For the last four-plus years now, we’ve heard a lot about Penguin. Initially announced in April 2012, we were told that this algorithm update, designed to combat web spam, would impact three percent of queries.
More recently, we’ve witnessed frustration on the part of penalized website owners at having to wait over a year for an update, after Google specifically noted one was coming “soon” in October of 2015.
In all the years of discussion around Penguin, however, I don’t believe any update has been more fraught with confusing statements and misinformation than Penguin 4.0, the most recent update. The biggest culprit here is Google itself, which has not been consistent in its messaging.
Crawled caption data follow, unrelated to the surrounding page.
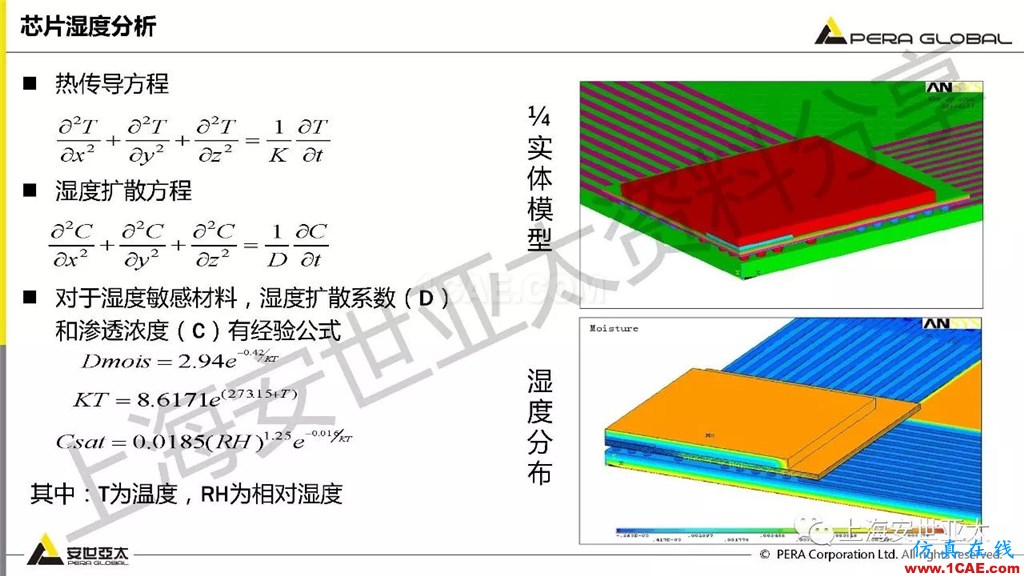 技术分享 | ansys workbench电子产品结构可靠性分析技术ansys workbanch图片14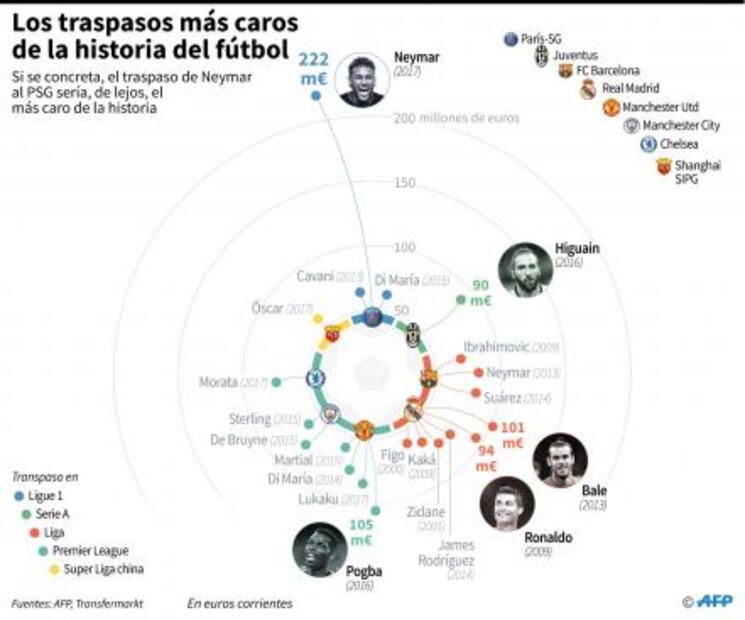 Los 10 traspasos más importantes en la historia del futbol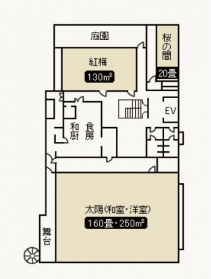 フロア3 フロア3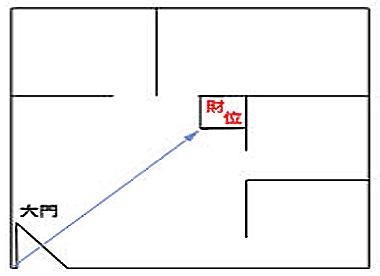 客厅的正财运和暗财位,客厅的财位怎么用罗盘确定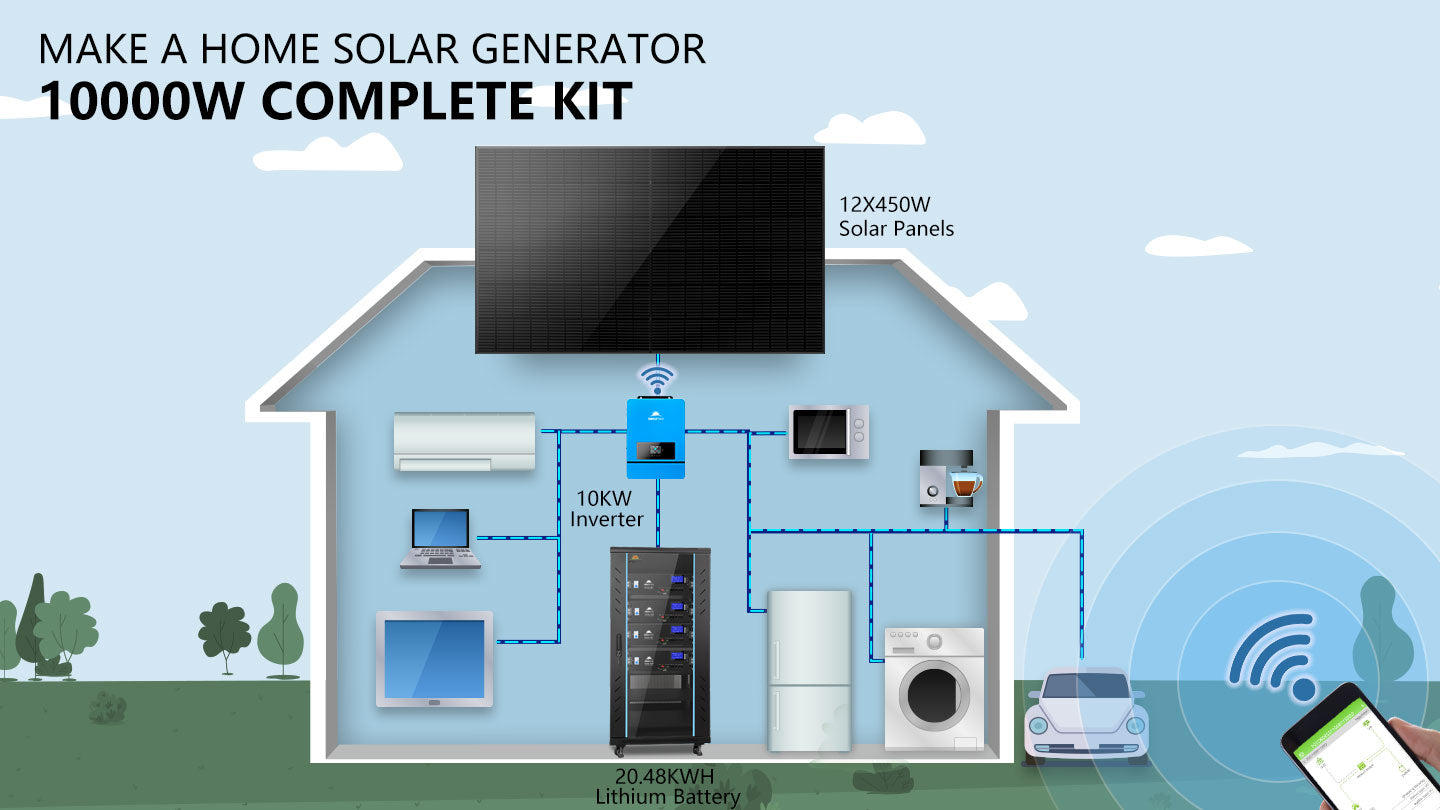 Off-Grid Solar Kit 10KW 48VDC 120V/240V LiFePO4 20.48KWH Lithium Battery 12 X 450 Watts Solar Panels SGR-10K20E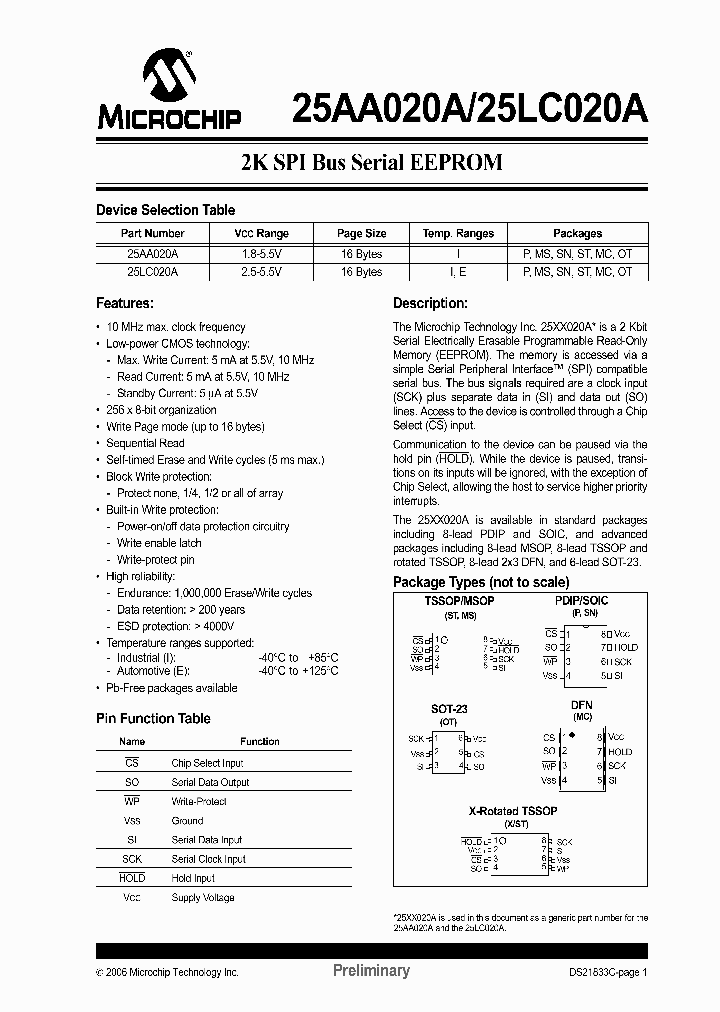 25LC020A-IMS_571851.PDF Datasheet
And this is the subject of this article: the peeling away of some of the recent misstated or just misunderstood aspects of this update, and more importantly, what it means for website owners and their SEOs.
So, let’s begin.
What is Penguin?
Note: We’re going to keep this section short and sweet — if you want something more in-depth, you should begin by reading Danny Sullivan’s article on the initial release of Penguin, “Google Launches ‘Penguin Update’ Targeting Webspam In Search Results.” You can also browse Search Engine Land’s Penguin Update section for all the articles written here on the topic.
The Penguin algorithm update was first announced on April 24, 2012, and the official explanation was that the algorithm targeted web spam in general. However, since the biggest losses were incurred by those engaged in manipulative link schemes, the algorithm itself was viewed as being designed to punish sites with bad link profiles.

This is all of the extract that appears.